The British car manufacturer, Aston Martin, has said that it is “limiting imports” to the US.
Aston Martin Lagonda told investors that he is taking advantage of his shares currently held in the US.
However, the company maintained its financial orientation by 2025 without changes, since it continues to exceed an important response plan.
Adrian Hallmark, executive director of Aston Martin, said: “We are carefully monitoring the evolutionary situation of the United States and we are currently limiting imports to the US. UU. While taking advantage of the actions in the hands of our US concessionaires.
“We remain attentive to event monitoring and respond to changes in the operational environment as they materialize.”
Aston Martin is among European car manufacturers who have seen value actions in value in recent months about the concerns about the potential impact of tariffs on the demand of their vehicles in the United States.
Last month, Aston Martin marginally reduced his sales guide for the year due to fear of tariff rules could cushion wholesale volumes.
The company, which performs about 30% of its sales through the United States, emphasized on Wednesday that rates of rates are still “uncertain.”

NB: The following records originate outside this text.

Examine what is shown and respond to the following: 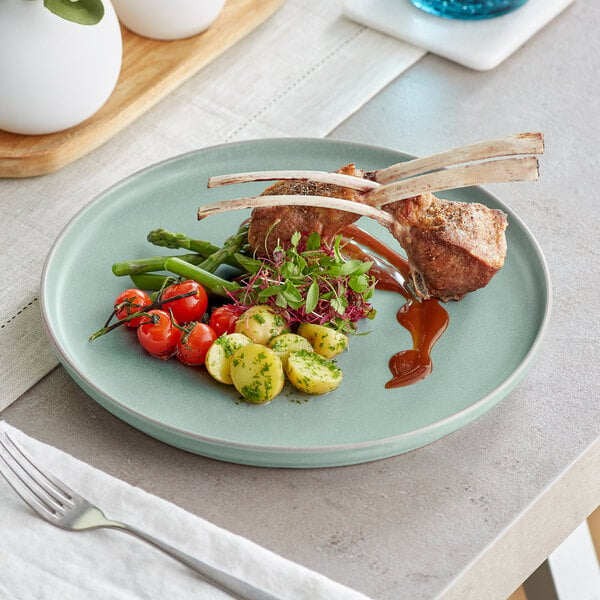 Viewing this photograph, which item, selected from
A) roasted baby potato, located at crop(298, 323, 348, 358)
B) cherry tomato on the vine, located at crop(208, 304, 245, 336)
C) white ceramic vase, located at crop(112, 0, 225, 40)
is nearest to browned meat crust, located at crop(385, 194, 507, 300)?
roasted baby potato, located at crop(298, 323, 348, 358)

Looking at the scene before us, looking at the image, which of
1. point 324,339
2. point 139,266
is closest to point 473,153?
point 324,339

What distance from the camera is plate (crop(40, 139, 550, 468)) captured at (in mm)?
1432

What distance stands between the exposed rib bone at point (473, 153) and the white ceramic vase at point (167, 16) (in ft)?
2.81

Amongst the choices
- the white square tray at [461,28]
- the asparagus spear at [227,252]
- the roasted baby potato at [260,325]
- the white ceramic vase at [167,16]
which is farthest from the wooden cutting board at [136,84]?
the roasted baby potato at [260,325]

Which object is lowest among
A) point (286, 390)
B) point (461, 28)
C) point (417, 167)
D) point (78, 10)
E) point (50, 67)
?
point (461, 28)

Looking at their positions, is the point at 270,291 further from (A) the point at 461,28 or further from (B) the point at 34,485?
(A) the point at 461,28

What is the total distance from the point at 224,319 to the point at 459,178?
1.52ft

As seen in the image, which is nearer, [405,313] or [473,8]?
[405,313]

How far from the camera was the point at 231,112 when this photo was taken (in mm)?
2318

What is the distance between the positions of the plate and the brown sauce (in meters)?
0.01

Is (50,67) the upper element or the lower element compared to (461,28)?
upper

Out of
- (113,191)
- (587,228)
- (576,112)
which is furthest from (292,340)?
(576,112)

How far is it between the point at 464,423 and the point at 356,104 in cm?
109

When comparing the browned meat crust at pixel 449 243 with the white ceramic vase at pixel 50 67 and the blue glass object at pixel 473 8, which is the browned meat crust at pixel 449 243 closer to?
the white ceramic vase at pixel 50 67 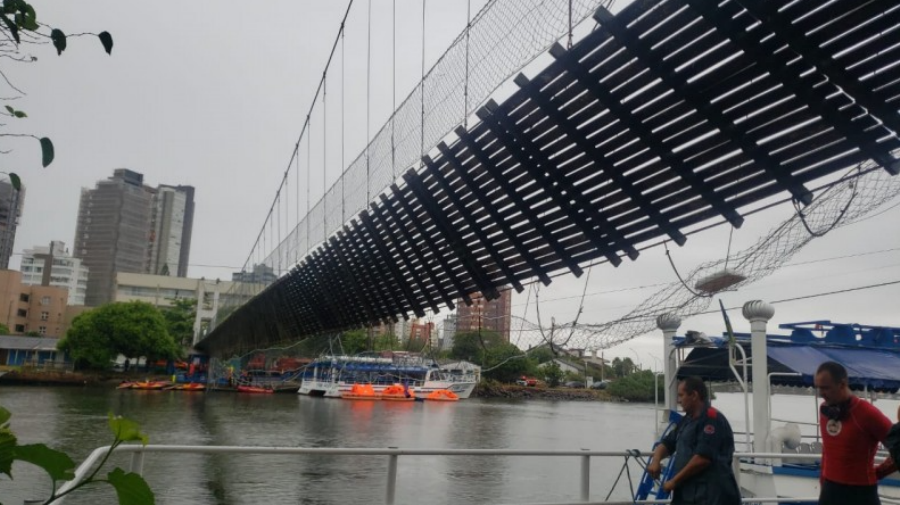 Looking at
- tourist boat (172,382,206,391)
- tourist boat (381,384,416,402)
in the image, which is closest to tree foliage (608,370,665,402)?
tourist boat (381,384,416,402)

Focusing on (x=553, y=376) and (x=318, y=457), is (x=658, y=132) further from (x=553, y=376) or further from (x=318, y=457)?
(x=553, y=376)

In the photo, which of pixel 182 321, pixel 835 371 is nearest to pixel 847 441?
pixel 835 371

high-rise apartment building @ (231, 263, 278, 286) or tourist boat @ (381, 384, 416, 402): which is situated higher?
high-rise apartment building @ (231, 263, 278, 286)

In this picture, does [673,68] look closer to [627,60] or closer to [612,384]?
[627,60]

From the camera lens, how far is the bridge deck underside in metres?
3.21

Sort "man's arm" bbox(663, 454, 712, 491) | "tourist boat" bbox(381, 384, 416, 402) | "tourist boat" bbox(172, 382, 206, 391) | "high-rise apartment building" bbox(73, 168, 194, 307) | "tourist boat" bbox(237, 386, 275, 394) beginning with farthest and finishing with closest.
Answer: "high-rise apartment building" bbox(73, 168, 194, 307), "tourist boat" bbox(381, 384, 416, 402), "tourist boat" bbox(237, 386, 275, 394), "tourist boat" bbox(172, 382, 206, 391), "man's arm" bbox(663, 454, 712, 491)

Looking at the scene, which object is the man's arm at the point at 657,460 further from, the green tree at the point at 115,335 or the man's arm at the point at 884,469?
the green tree at the point at 115,335

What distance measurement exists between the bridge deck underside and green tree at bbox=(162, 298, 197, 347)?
247 ft

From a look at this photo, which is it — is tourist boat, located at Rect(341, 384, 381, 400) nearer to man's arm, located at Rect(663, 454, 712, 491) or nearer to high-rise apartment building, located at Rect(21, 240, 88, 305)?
high-rise apartment building, located at Rect(21, 240, 88, 305)

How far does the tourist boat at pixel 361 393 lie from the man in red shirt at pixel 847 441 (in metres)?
66.7

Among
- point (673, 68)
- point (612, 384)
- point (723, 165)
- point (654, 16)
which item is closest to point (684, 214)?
point (723, 165)

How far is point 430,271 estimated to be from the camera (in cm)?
751

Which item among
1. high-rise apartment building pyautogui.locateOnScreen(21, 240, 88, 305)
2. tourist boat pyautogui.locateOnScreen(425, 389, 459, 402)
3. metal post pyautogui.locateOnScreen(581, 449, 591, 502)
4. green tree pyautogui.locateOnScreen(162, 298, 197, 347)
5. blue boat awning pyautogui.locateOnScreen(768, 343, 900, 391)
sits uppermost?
high-rise apartment building pyautogui.locateOnScreen(21, 240, 88, 305)

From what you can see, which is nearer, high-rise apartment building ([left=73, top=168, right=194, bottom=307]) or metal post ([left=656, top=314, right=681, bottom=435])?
metal post ([left=656, top=314, right=681, bottom=435]) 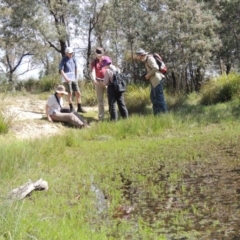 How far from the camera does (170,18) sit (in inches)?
600

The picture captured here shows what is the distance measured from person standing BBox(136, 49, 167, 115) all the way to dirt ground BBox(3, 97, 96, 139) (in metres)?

It occurred when the firm also reported that operational losses grew during the first three months of 2025.
Meanwhile, he reported a loss before taxes of £ 79.6 million for the quarter, below a loss of £ 138.9 million the previous year.
Total income fell 13% to £ 233.9 million for the quarter.
It comes in a significant review in Aston Martin, since it seeks to underpin its long -term finances.
In February, the group said that it plans to sell its minority participation in the Formula One team of Aston Martin Aramco and confirmed that Lawrence Stroll's Consortium would invest £ 52.5 million to increase its participation in the business.
Aston Martin said that the two agreements were expected to improve the group's liquidity in more than 125 million.